Problem = Restate word for word the lines between the start of the material and the line with "巴耶杜帕尔caribepre", keeping both of those ends and none of the pictures.

Input for this task =
_ _ _ _
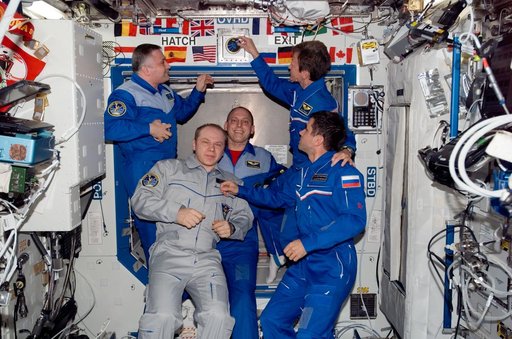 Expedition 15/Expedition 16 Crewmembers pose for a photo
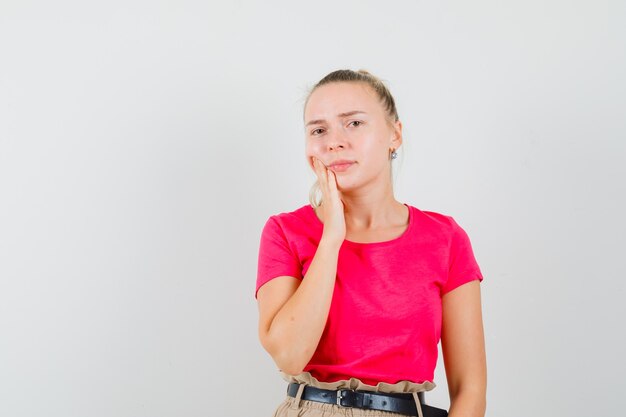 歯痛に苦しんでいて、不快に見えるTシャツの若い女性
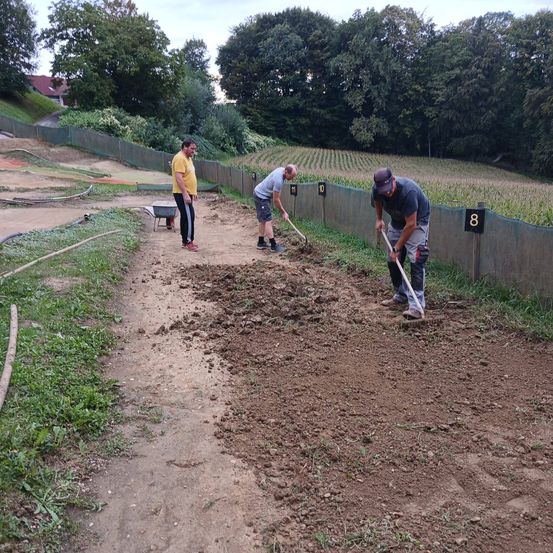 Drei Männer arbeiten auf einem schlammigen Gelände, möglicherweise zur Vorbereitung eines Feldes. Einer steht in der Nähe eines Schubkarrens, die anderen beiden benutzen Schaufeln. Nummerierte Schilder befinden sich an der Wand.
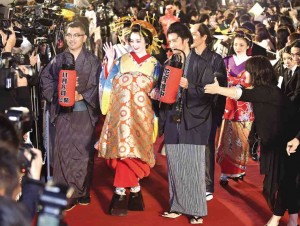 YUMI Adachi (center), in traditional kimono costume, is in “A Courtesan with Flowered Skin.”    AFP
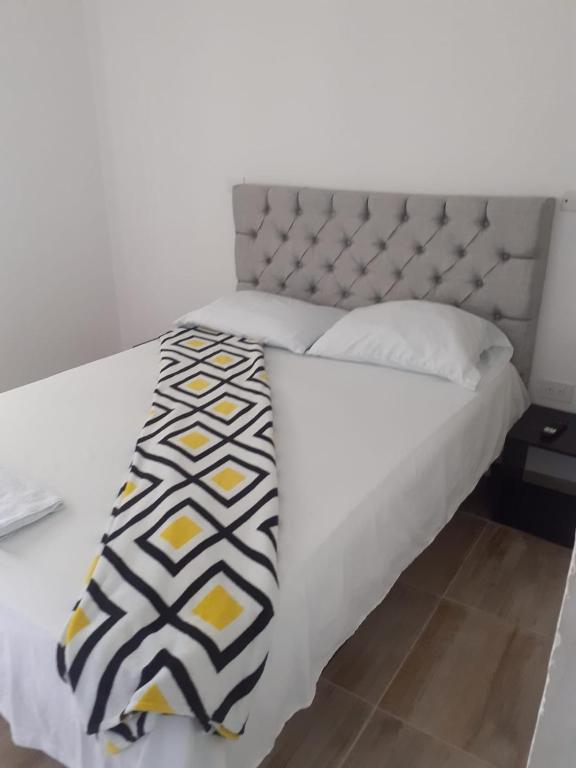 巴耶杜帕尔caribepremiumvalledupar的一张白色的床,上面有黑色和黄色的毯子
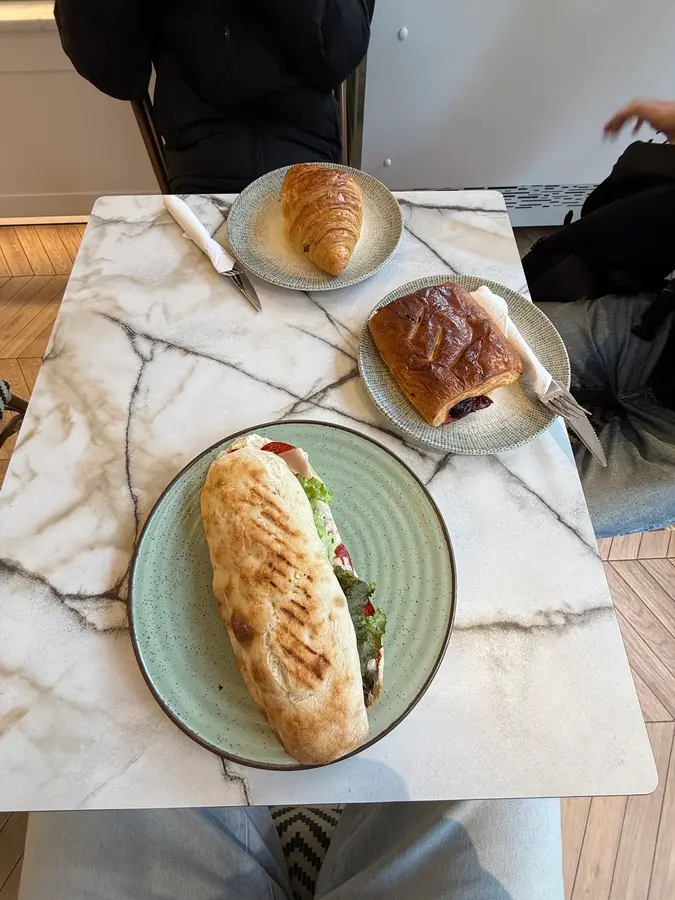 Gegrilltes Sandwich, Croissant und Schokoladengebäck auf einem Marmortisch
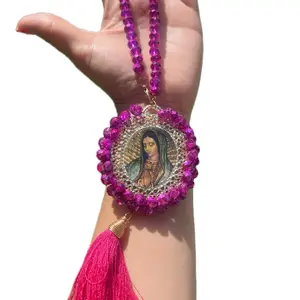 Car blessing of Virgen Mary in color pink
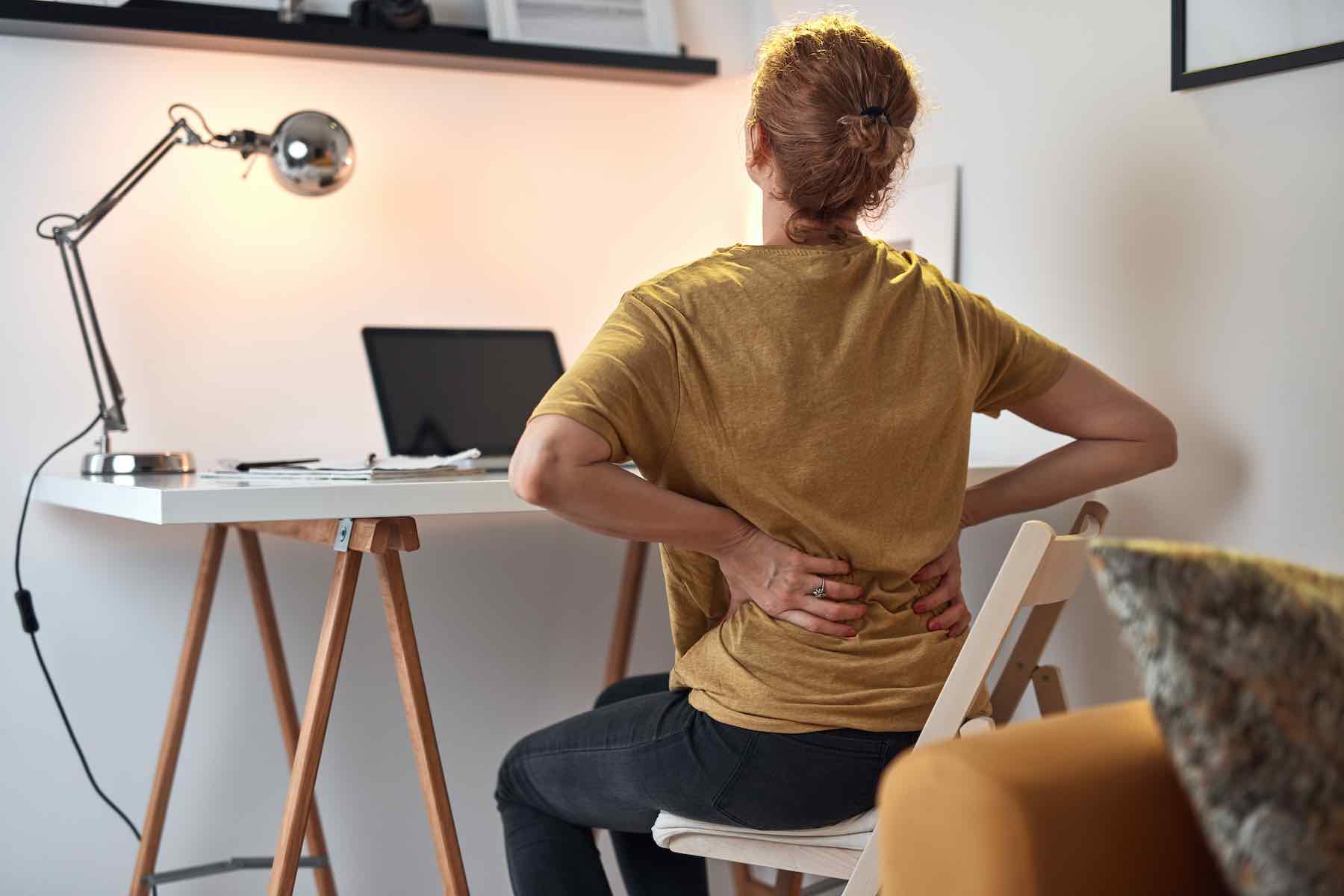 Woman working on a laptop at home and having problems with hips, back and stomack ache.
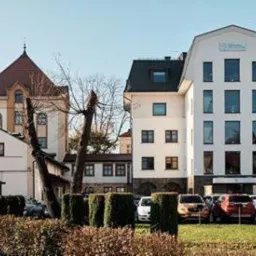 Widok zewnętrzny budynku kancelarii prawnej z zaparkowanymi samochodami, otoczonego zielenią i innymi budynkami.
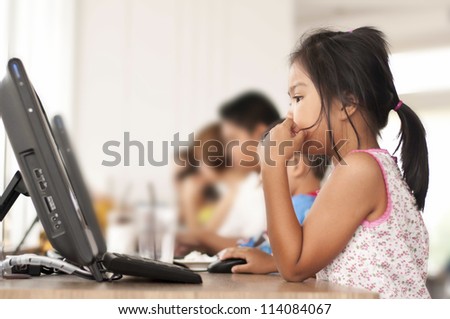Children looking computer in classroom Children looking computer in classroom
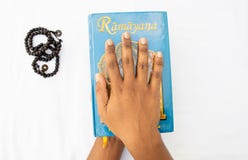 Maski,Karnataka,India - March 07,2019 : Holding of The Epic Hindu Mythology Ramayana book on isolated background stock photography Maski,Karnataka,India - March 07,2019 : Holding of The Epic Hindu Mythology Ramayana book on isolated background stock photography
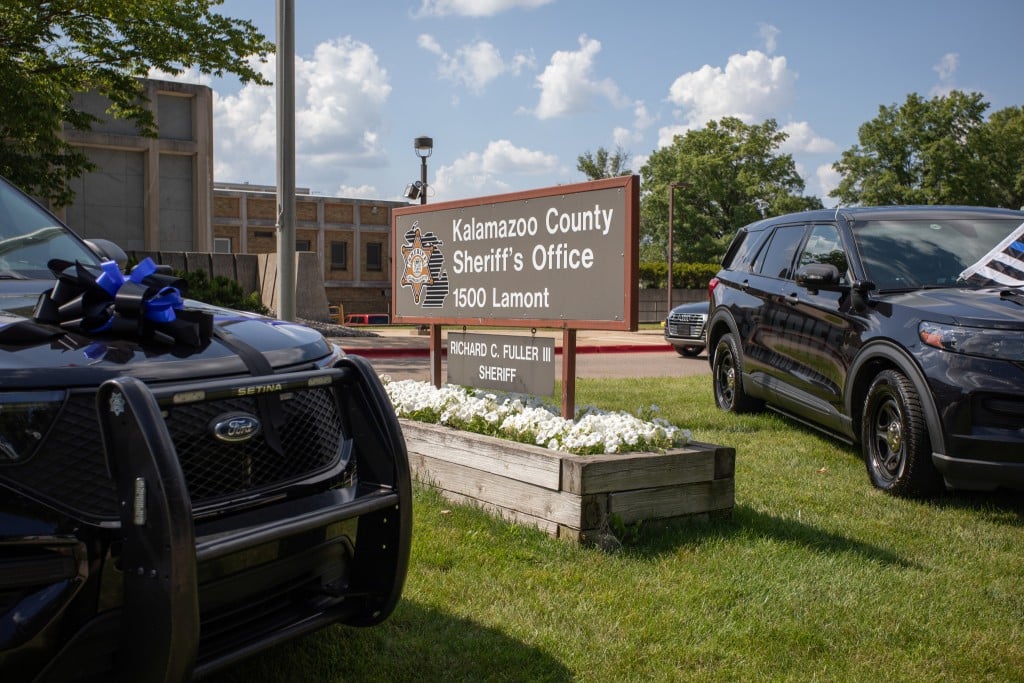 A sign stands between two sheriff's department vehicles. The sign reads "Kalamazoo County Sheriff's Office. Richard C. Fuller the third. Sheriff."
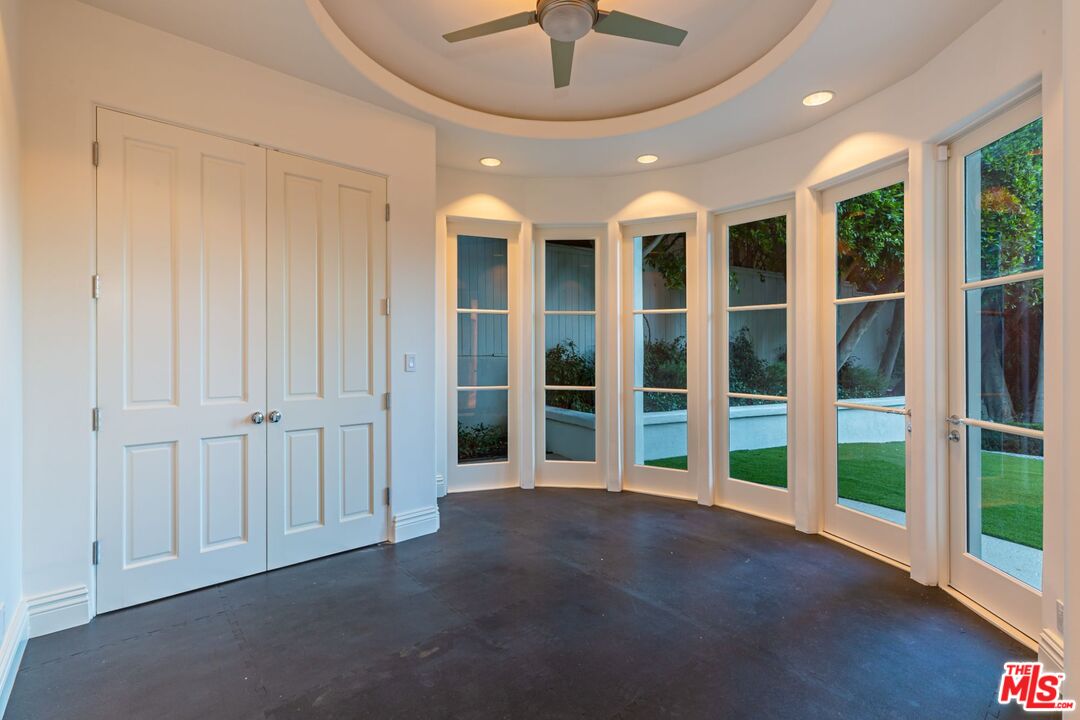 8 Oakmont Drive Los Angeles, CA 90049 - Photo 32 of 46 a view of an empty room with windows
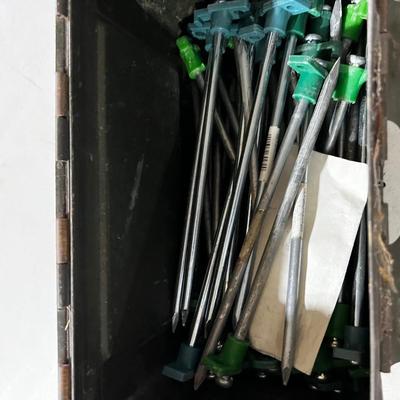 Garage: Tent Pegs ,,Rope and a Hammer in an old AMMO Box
_ _ _ _
Finished exercise =
 Expedition 15/Expedition 16 Crewmembers pose for a photo
 歯痛に苦しんでいて、不快に見えるTシャツの若い女性
 Drei Männer arbeiten auf einem schlammigen Gelände, möglicherweise zur Vorbereitung eines Feldes. Einer steht in der Nähe eines Schubkarrens, die anderen beiden benutzen Schaufeln. Nummerierte Schilder befinden sich an der Wand.
 YUMI Adachi (center), in traditional kimono costume, is in “A Courtesan with Flowered Skin.”    AFP
 巴耶杜帕尔caribepremiumvalledupar的一张白色的床,上面有黑色和黄色的毯子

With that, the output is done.